Laurencia is a genus of red algae that grow in temperate and tropical shore areas, in littoral to sublittoral habitats, at depths up to .

Description

Laurencia species have a thallus that is erect or decumbent with distichous, whorled or radial branch arrangement.

Taxonomy and Nomenclature 
The genus name of Laurencia is in honour of Louis Jean de La Laurencie (1768-1829), who was a French Naval officer, Director of the University of Limoges and also a friend of the author, Jean Vincent Félix Lamouroux.

The genus was circumscribed by Jean Vincent Félix Lamouroux in Ann. Mus. Natl. Hist. Nat. vol.20 on page 130 in 1813.
It included an initial description of eight species which then subsequently underwent taxonomic revisions. The genus belongs to order Ceramiales reported to have 137 species, with a rich body of knowledge spanning for more than 50 years of research.

Laurencia belongs to the family Rhodomelaceae which is considered to be one of the largest marine red algae family, estimated to have 125 genera and 700 species all over the world. In Laurenciae, a tribe consisting of eight genera, have a taxonomic group called "Laurencia complex" or Laurencia sensu lato which includes six of eight genera, Chondrophycus, Laurencia, Laurenciella, Osmundea, Palisada, and Yuzurua.

Morphology 
Laurencia is a small to medium sized red algae which may appear to be iridescent with thalli reaching up to 40 cm. Thalli can be branching, which can either be bilateral or spread in all directions. Its appendages can be rhizoidal or discoidal in appearance on stoloniferous holdfasts. Branch shape appears to be flat or cylindrical in morphology. Branchlets may be slightly rigid with a shape that may be blunt, truncate or claviform.

Laurencia has shown high diversity as a genus, with species having distinct features that can easily be determined within the Laurencia complex. Molecular studies using rbcL (RuBisCO, Ribulose-1,5-Bisphosphate Carboxylase Oxygenase, Large chain) have uncovered evidences which divided the Laurencia complex, identiying the genus Laurenciella, which shares similar morphology with Laurencia but has a different rbcL sequence.

Distribution 
Laurencia can be found all over the world, in particular in tropical and subtropical regions with warmer waters. Its habitats range from tide pools, reef flats, mud flats, and a variety of hard substrates (e.g. rocks, corals), within intertidal and subtidal zones up to 65 m.  It is also described as "turf-forming" wherein it can cover a majority of hard substrate in some areas.

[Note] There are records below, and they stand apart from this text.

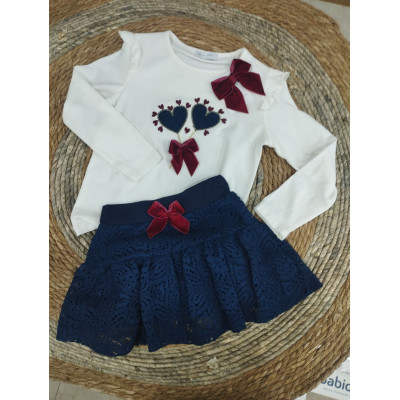 Vestido niña corazones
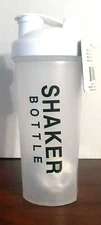 CLEAR 20 OUNCE SHAKER BOTTLE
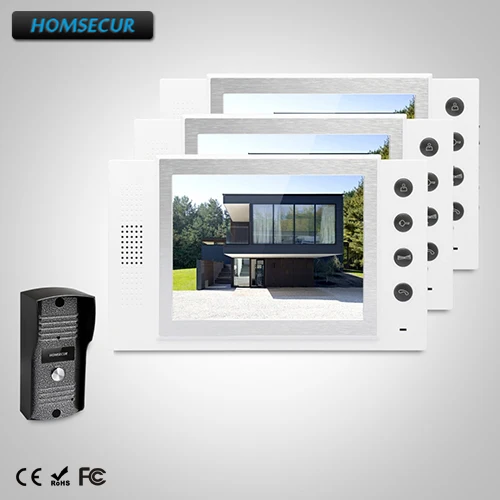 

HOMSECUR 8" Video Door Entry Security Intercom+Intra-monitor Audio Intercom TC031 + TM801-W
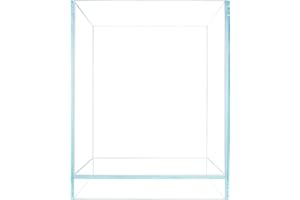 HIRO Aquatics Nano Tall Rimless Aquarium Low Iron Frameless Fish Tank, Extra Clear with Floating Air Style, for Aquariums or Terrariums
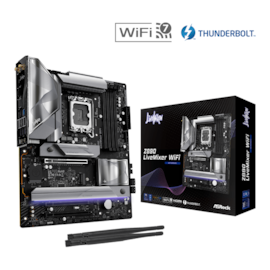Placa Mãe Asrock Z890 Livemixer Wifi Ddr5 Lga 1851 Thunderbolt M.2 Wifi7 Bluetooth Hdmi Type-c Usb 3.2 90-mxbpe0-a0uayaz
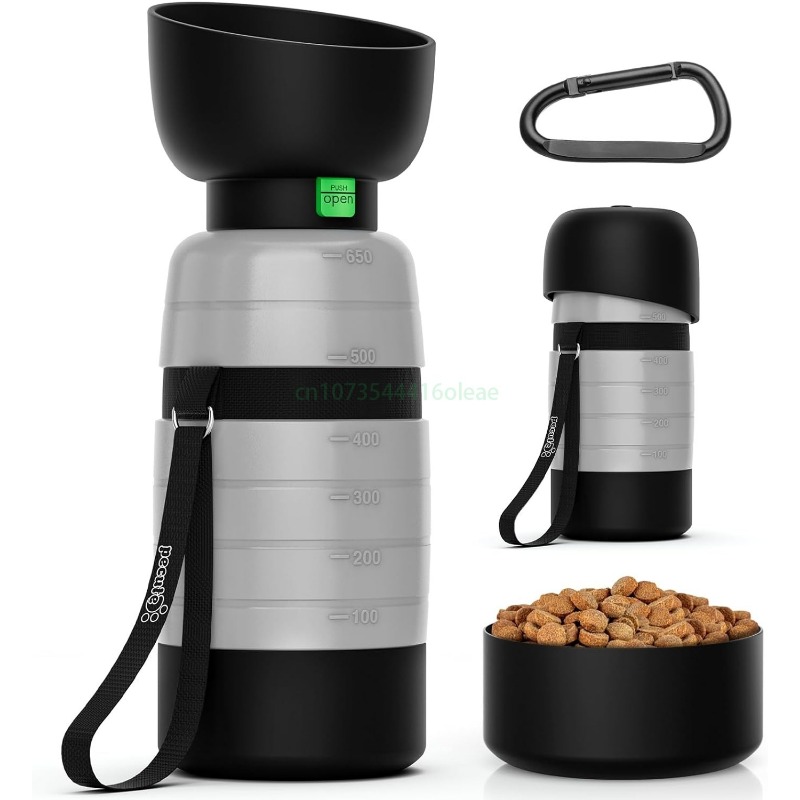 650ML犬用ウォーターボトル（150mlフードコンテナ付き - Camping Cooking Food のレビューと価格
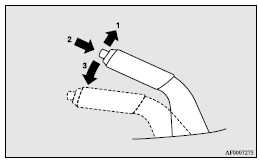 1- Firmly depress and hold the brake pedal, then pull the lever up slightly.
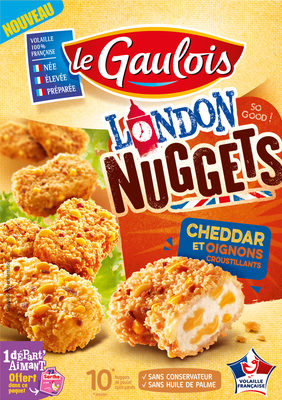 London Nuggets cheddar et Oignons Croustillants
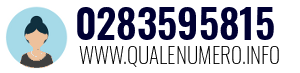 Numero di telefono 0283595815 0283595815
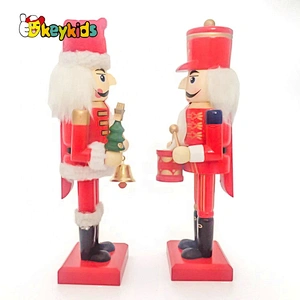 2019 High quality children wooden xmas nutcrackers with customize W02A336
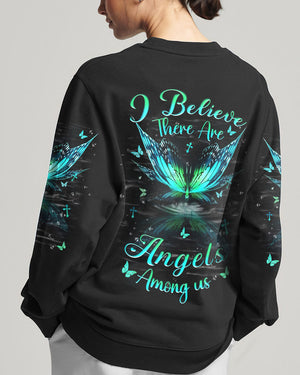 I Believe There Are Angels Among Us Women's All Over Print Shirt - Yhhn2401252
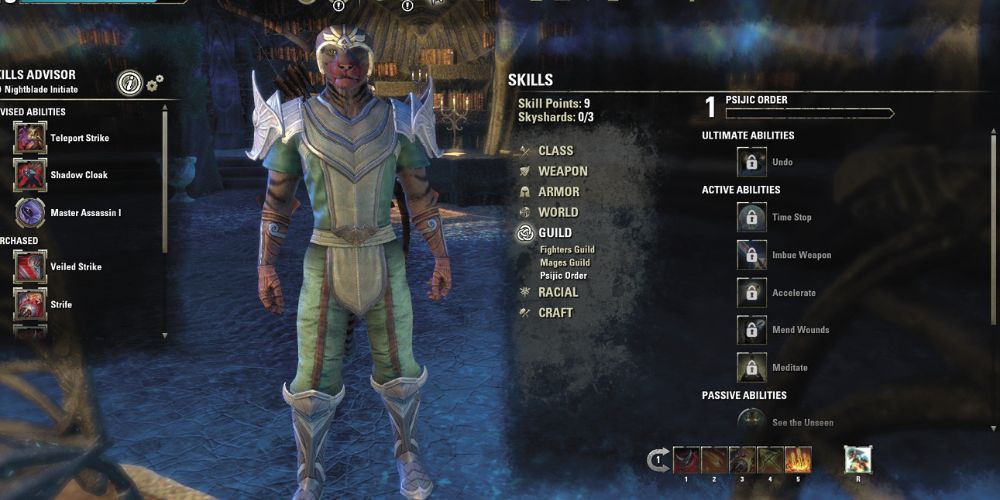 ESO Changes Since Launch Psijic Order Skill Line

In Myanmar, it can be found growing together with some species of Cladophora, Chaetomorpha, Dictyota, Gelidium, Ceramium, Caloglossa, Catenella, Polysiphonia, Acanthophora, and Bostrychia.

Ecology 
Laurencia has numerous ecological roles, serving as refuge for different marine organisms in areas where they grow abundantly, forming forests. They are also hosts of various mircoorganisms and parasitic algae, known as Janczewskia. As producers, they are also fed on by some grazers such as crabs, queen conch, and sea hares despite its chemical deterrent.

The growth of Laurencia is significantly affected by changes in nutrient availability and temperature. The effects of pollution in Laurencia are somewhat inconsistent showing its adaptability in Indian Ocean but markedly showed a decrease in biomass in polluted areas in the Mediterranean. Space within the environment is also a necessity for Laurencia survival. In field trials, Laurencia tends to inhibit coral larvae dispersal resulting to higher mortality when the algae is present.

Life History 
Laurencia grows throughout the year, with spermatangial individuals appearing from early August to late September while cystocarpic ones appear from mid-August to late October. From July to October, mature tetrasporangial plants appear. Gametophytic individuals are dioecious in nature, typically developed on the branchlets, but can be present in the main branch as well.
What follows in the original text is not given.